I want to help elevate divergent voices and disruptive thinkers using digital platforms and virtual spaces. I want to push communication and dialogue across social media and change the way we interact with one another. I want to use whatever platforms I have to find new voices, new stories, and connect, to grow empathy, and increase borderless compassion. I want to and I will.

With every piece of worry I let go, and with every ounce faith I put in my Self, the more “what I did” was an easy decision to make. I was always going to find my way back to California. I was always going to find my way back to education and higher ed specifically. I was always going to find my way back to a classroom, back to being an administrator, back to conducting research, back to leading trips abroad, back to pushing thought boundaries and personal ones too. All of these pieces that feel like they’re beginning to “fall into place” were always here, waiting for me to open my eyes and realize them.

It was exactly as The Alchemist said it would be. I knew that I needed everything I had gone through up until right now to arrive at this understanding. I knew that I had to be driven to staring depression down nose-to-nose before I could say “You met your fucking match”. I knew I had to be armed with experiences of being discriminated against for my mental health. I knew I had to experience amazing support, and horrendous support so I could now be of better service. I was in the best possible position to step into my opportunity not despite myself, but BECAUSE of who I was, flaws and all. When I could understand and truly believe that God was always conspiring for my greatest good and that if I could just find a way to lean not unto my own understanding, but instead trust and have faith while fully acknowledging my present moment and the other possible moments of others around me without judgement? Oh Baby…I would be, I was now going to be: Unstoppable. Undeniable and completely in my zone.
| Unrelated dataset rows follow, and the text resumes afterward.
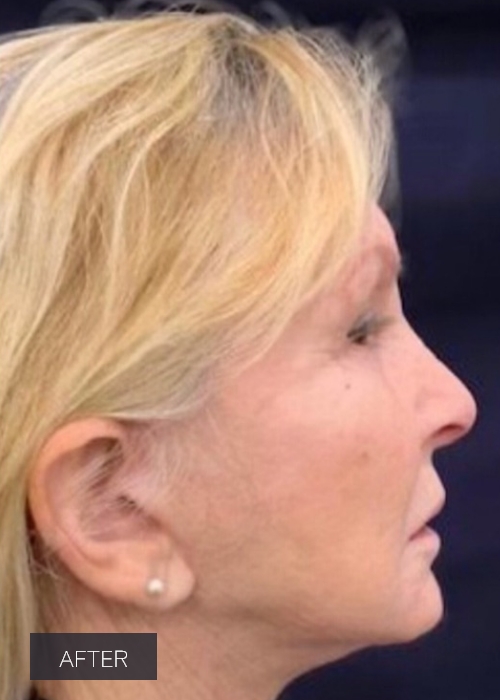 Procedure before and after - after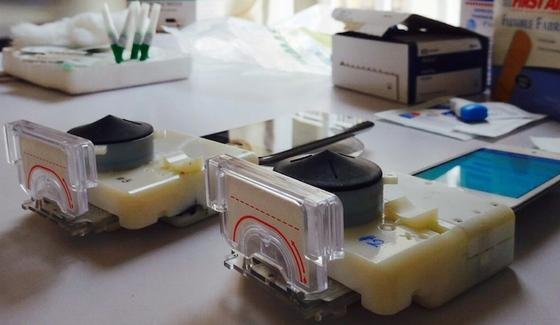 Das Minilabor fürs Smartphone spürt HIV- und Syphilis-Antikörper in wenigen Minuten auf.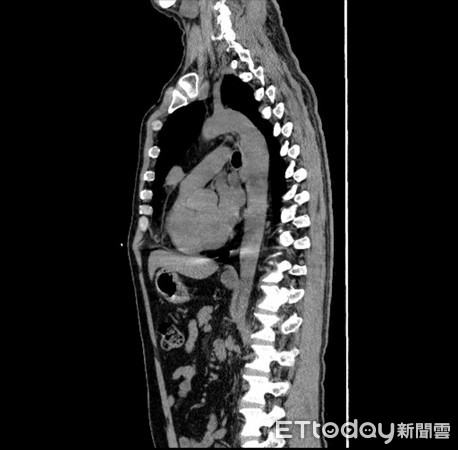 ▲核磁共振顯示患者在前縱隔腔有一腫瘤，約2.7公分。（圖／記者林悅翻攝）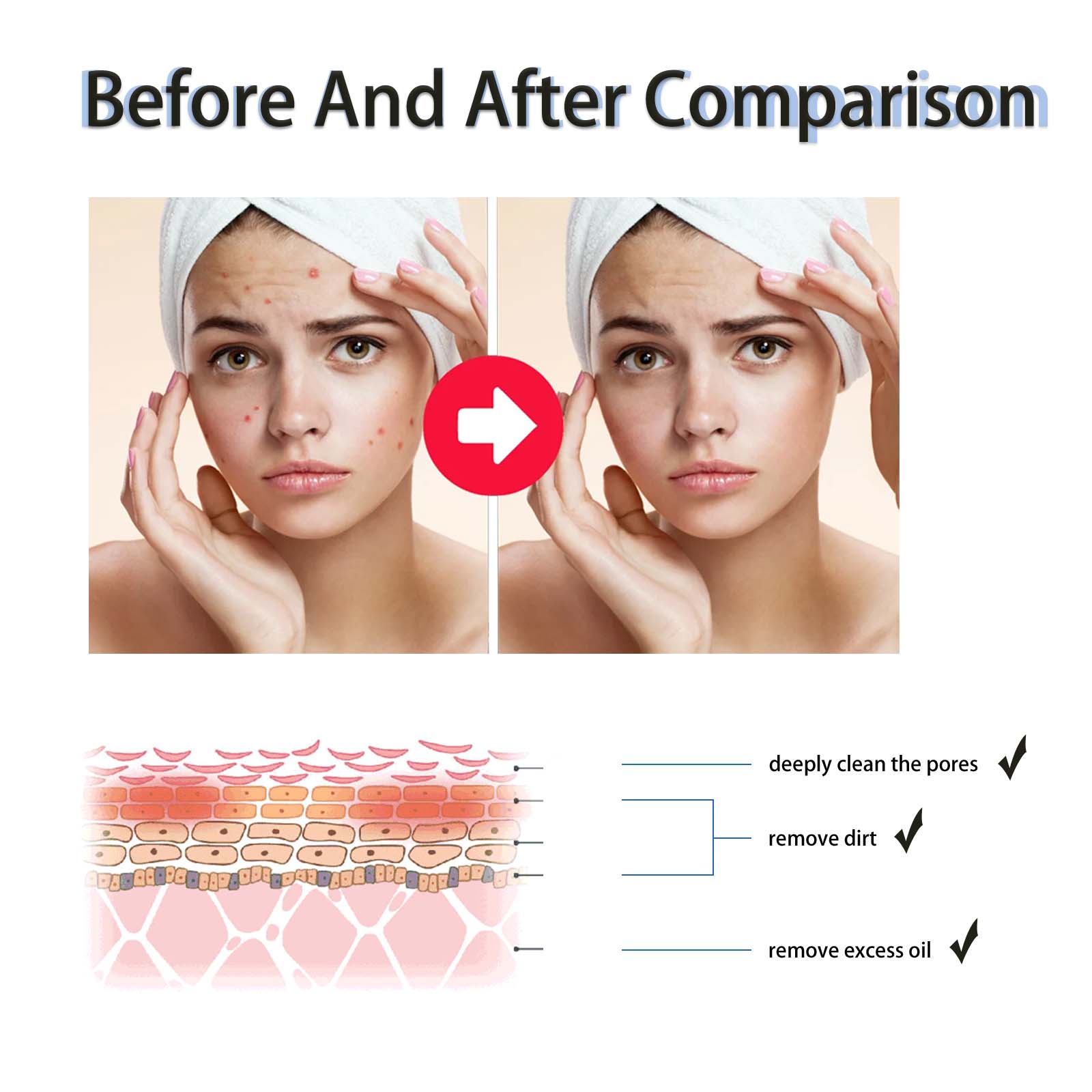 %2 Salisilik Asit Sıvı Eksfoli - Glycolic Acid Exfoliant incelemesi ve fiyatı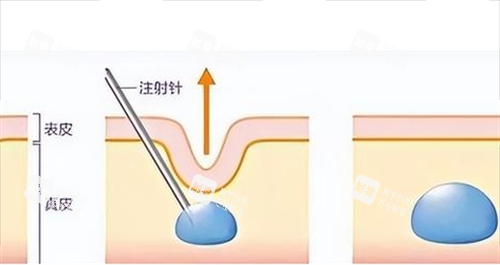 玻尿酸注射皮膚前后對比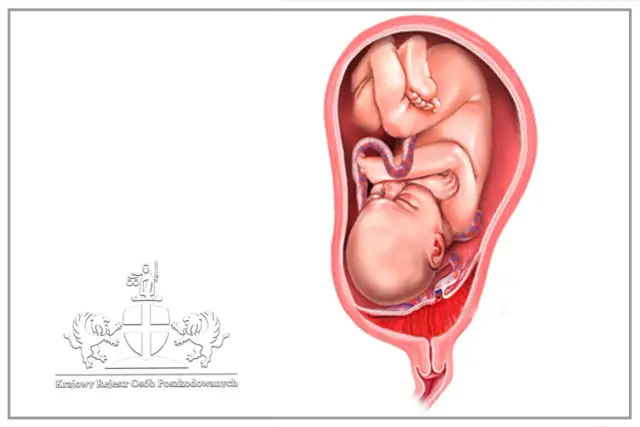 Łożysko w ciąży: Kluczowe funkcje i co grozi dziecku?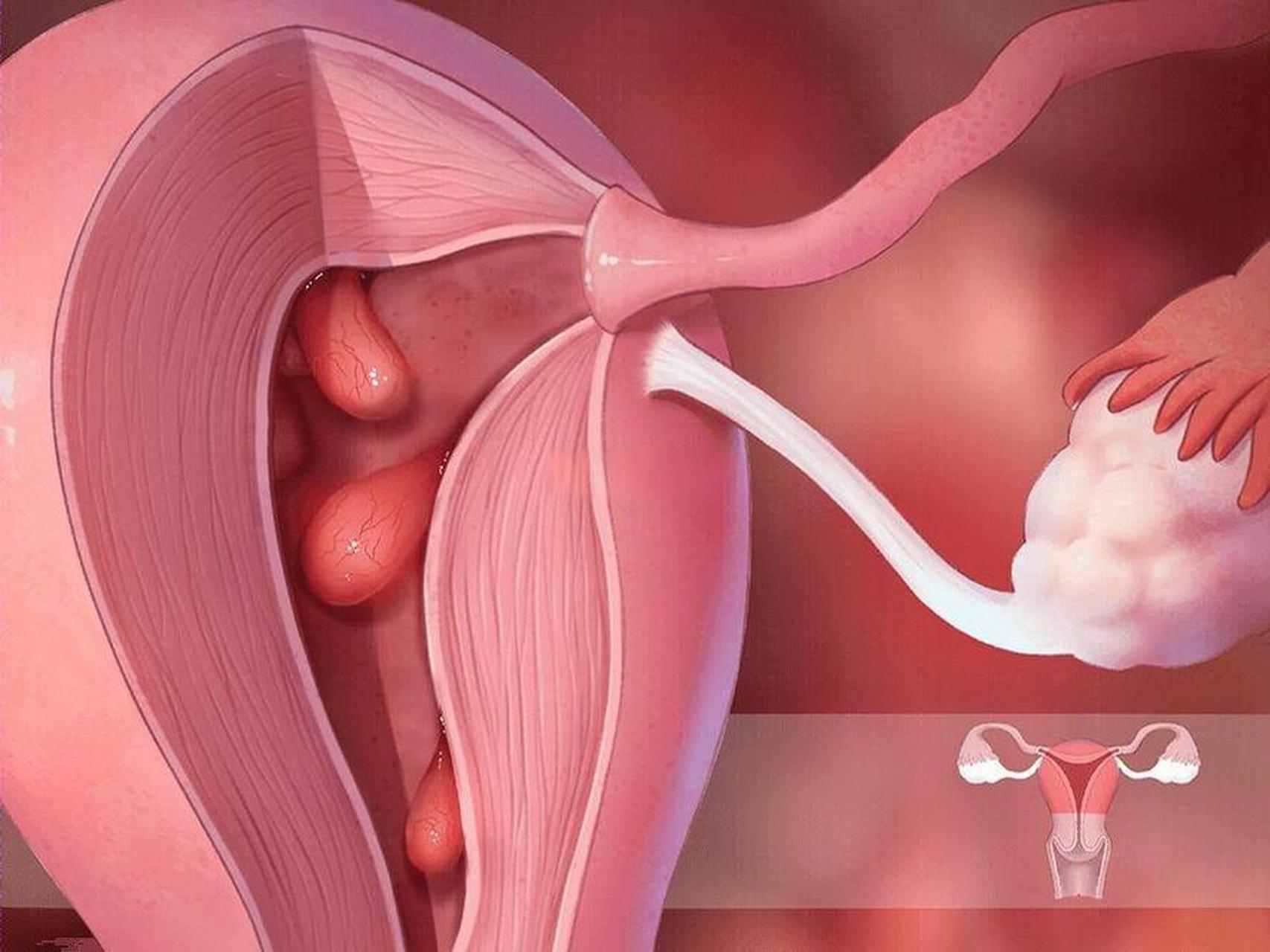 说了不下800遍,子宫内膜息肉做宫腔镜是自讨苦吃!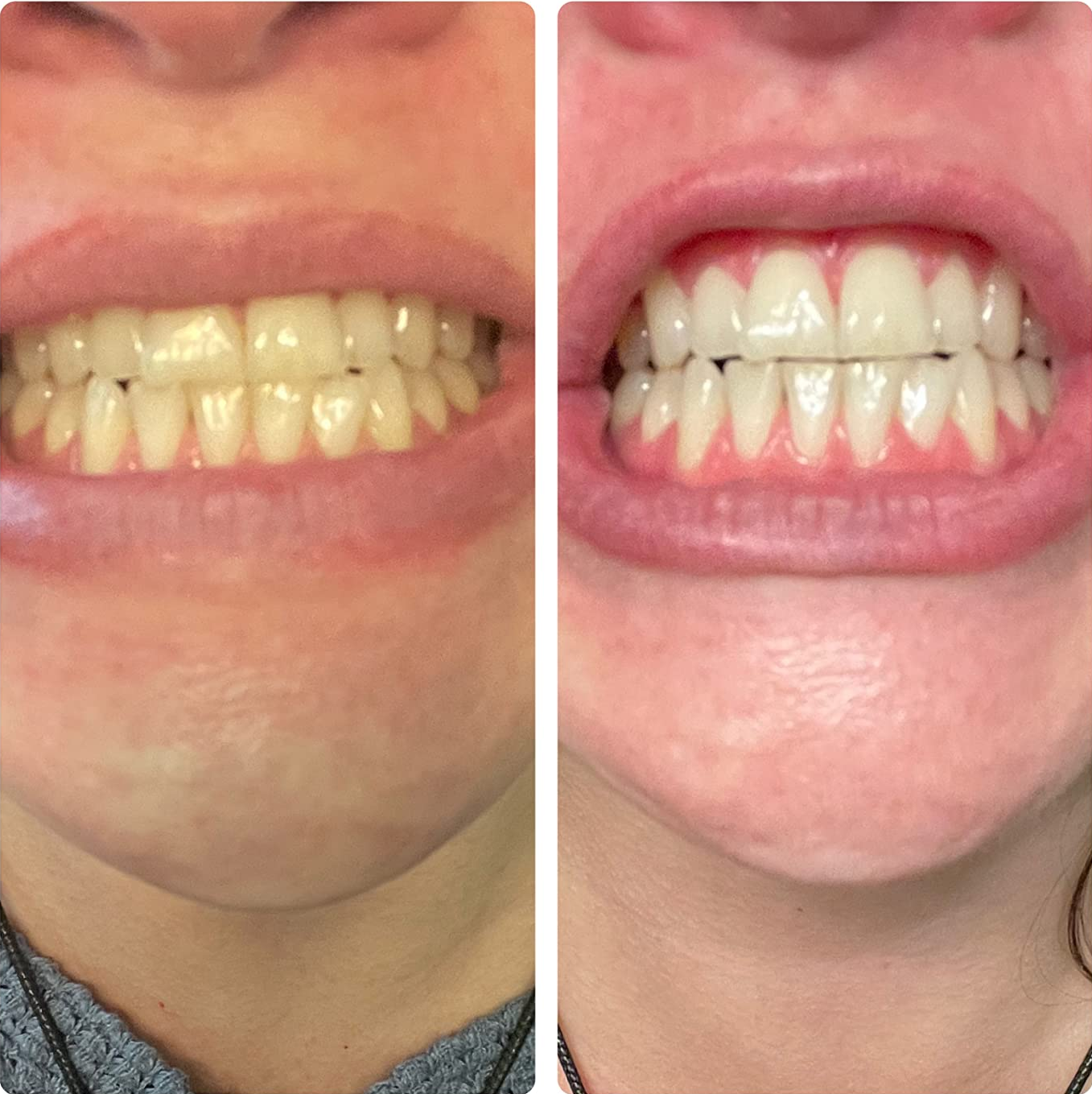 split image of reviewer's teeth before and after using whitening pen with teeth much whiter after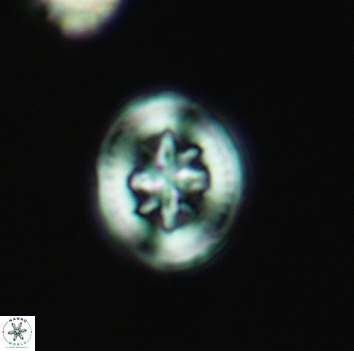 Heterorhabdus angustiforatus 3682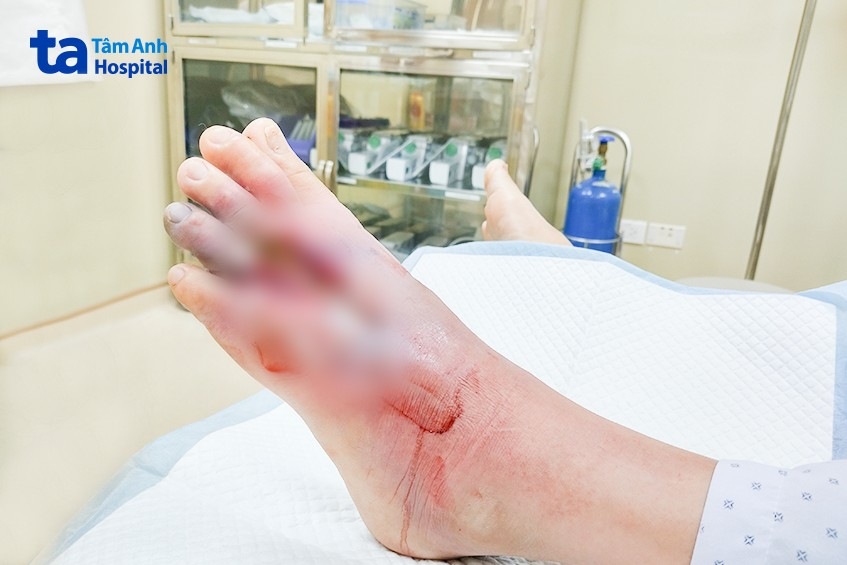 Chân của bà M. bị hoại tử sâu, cần cắt lọc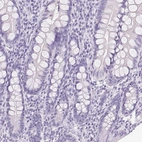 Immunohistochemical staining of human small intestine shows no positivity in glandular cells as expected.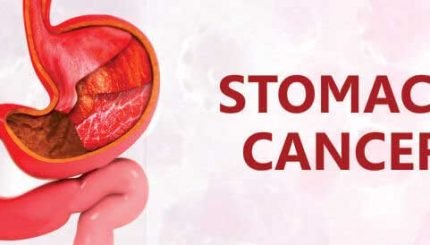 stomach-cancer-causes-treatment-and-management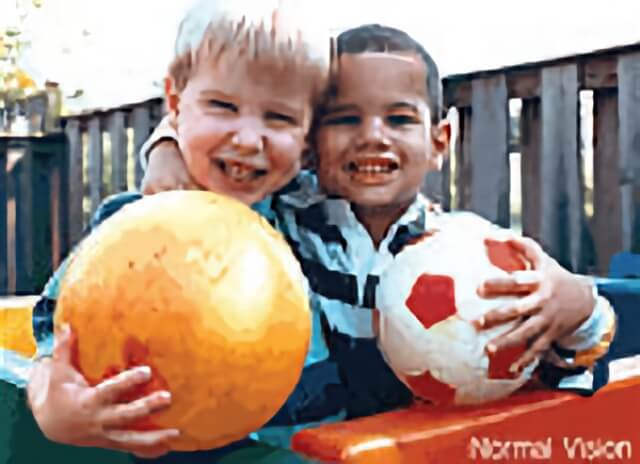 Retinitis Pigmentoda 02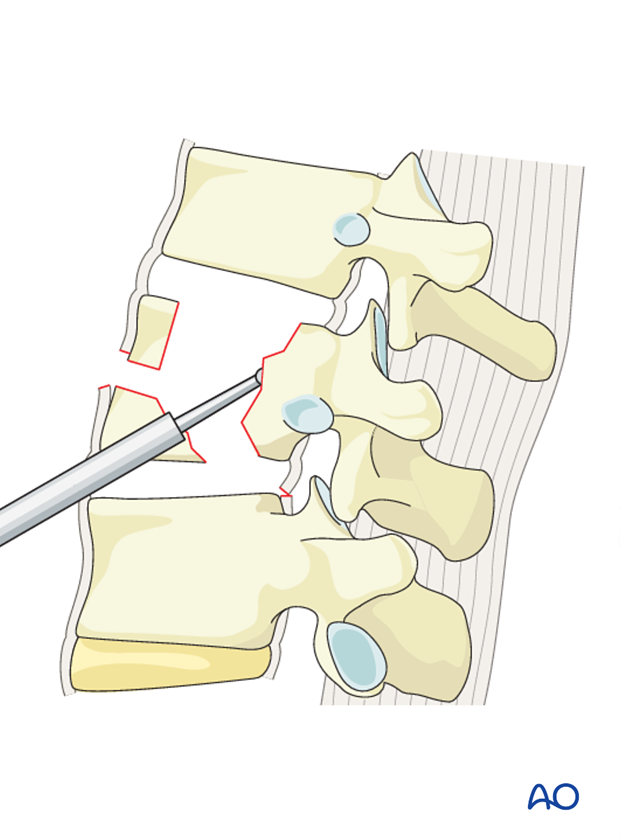 Thoracic and lumbar fractures: Anterior stabilization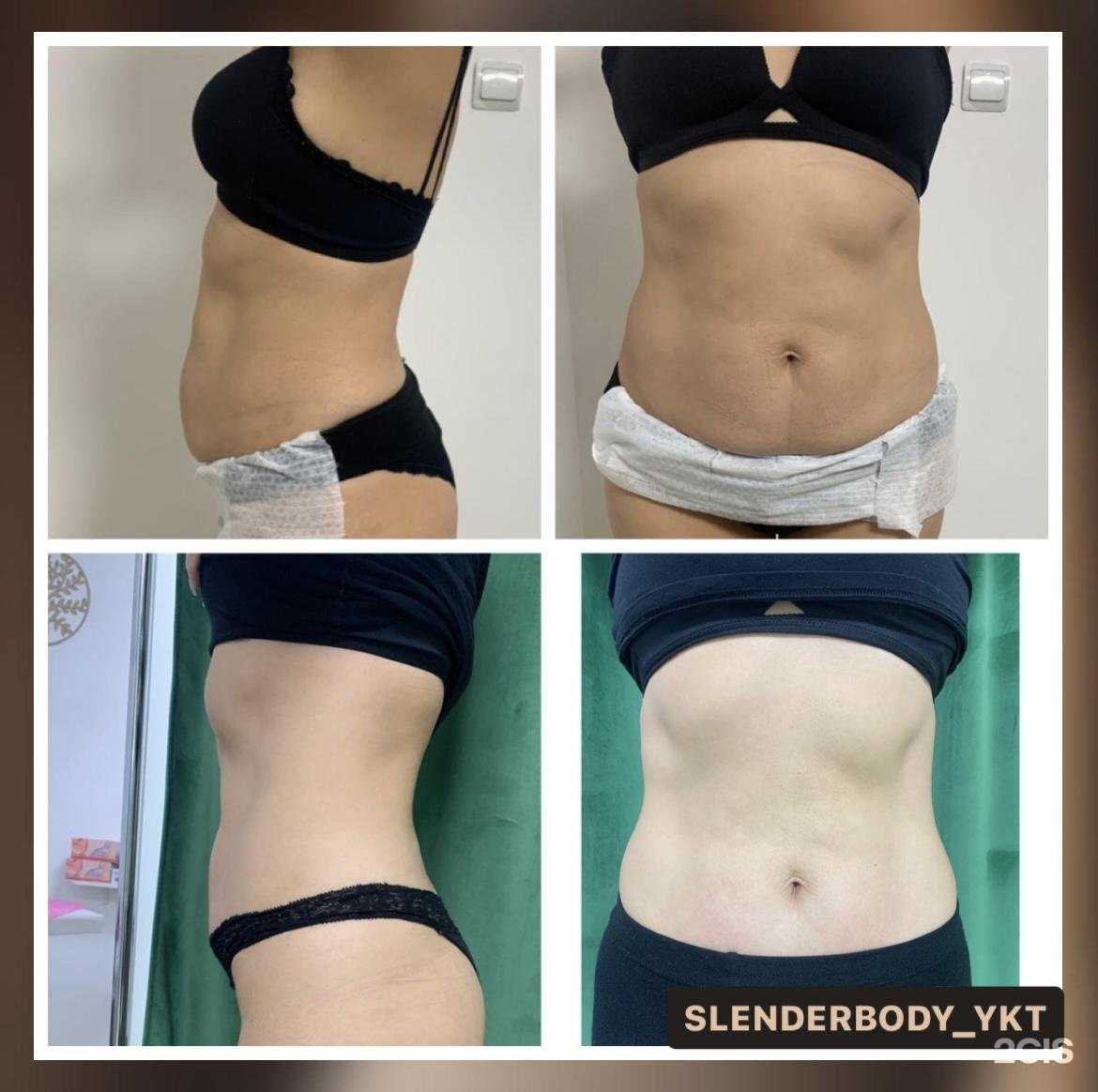 Отзывы на компанию Slender body в Якутске c фото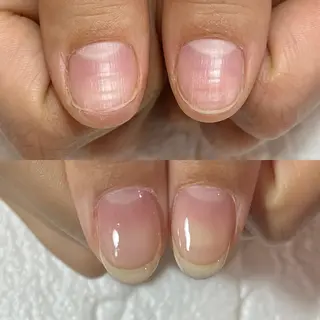 ネイル 自爪育成・巻き爪 補正講師　津蔵のネイルデザイン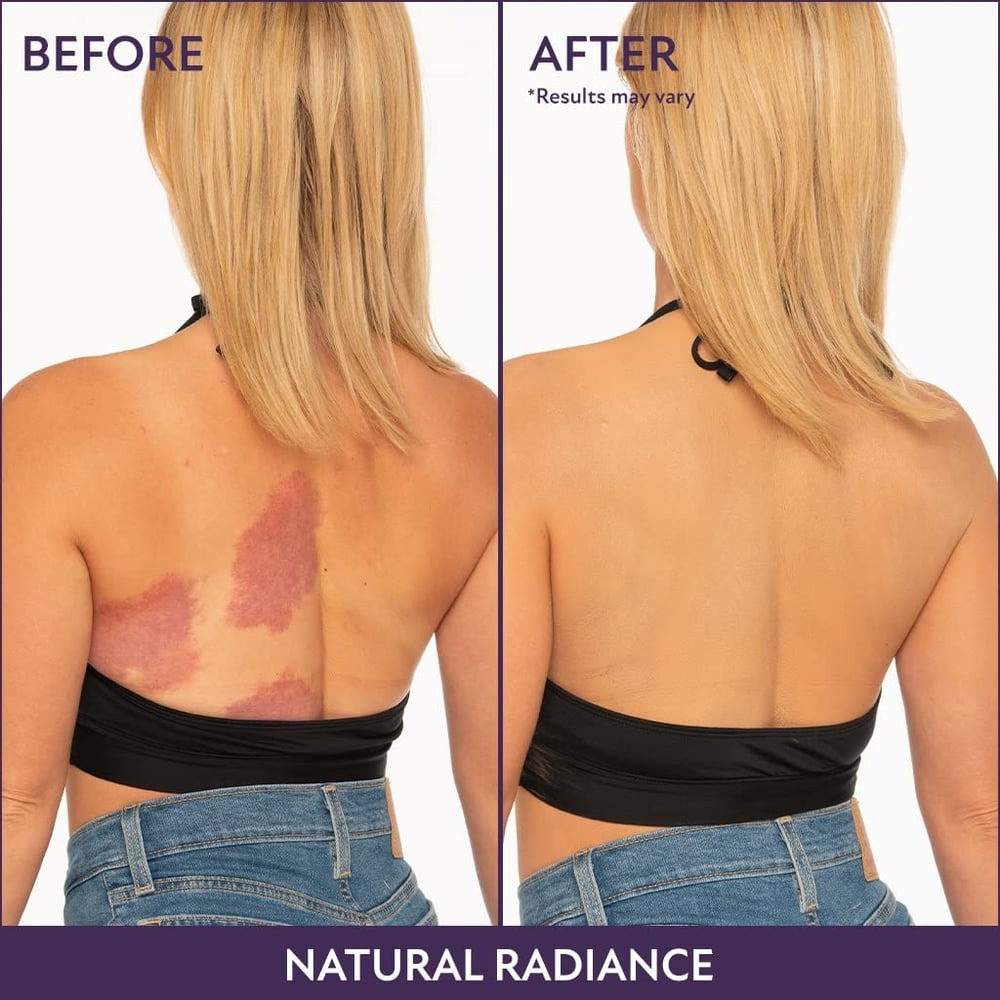 Flawless Body Skin Perfector - Achieve Smooth, Radiant Skin with Our Advanced Body Treatment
I was ready to write my teaching philosophy, my statement of diversity, gather my letters of recommendation, clear up my debts to release my transcripts and head back to the arena. I was ready because I had the honor of wearing my diagnoses as part of the fabric that makes me who I am with pride so that no one could ever call me outside of my name or my character but instead it would be my armor; the knots in my wood. Smiling with knowing that the battle is not mine and in the end, everything was going to be just fine. And if it wasn’t fine, it wasn’t the end. My Jennie Miller tells me that.

If you had to say what you wanted professionally, what would you say? Well…I guess I would say I want to be an administrator with a faculty appointment in a department. I want to run a Center that elevates the voices of the diverse and the divergent using digital and virtual technologies. That is mighty articulate for someone who has “never thought about it” wouldn’t you say? Learning who I was had taught me what I wanted. It was easy to say once I was free from the weight of expectation, of cynicism, of doubt, of judgment, and mostly of fear. Well I wasn’t afraid anymore. I wasn’t afraid of saying my name and I was ready for the return.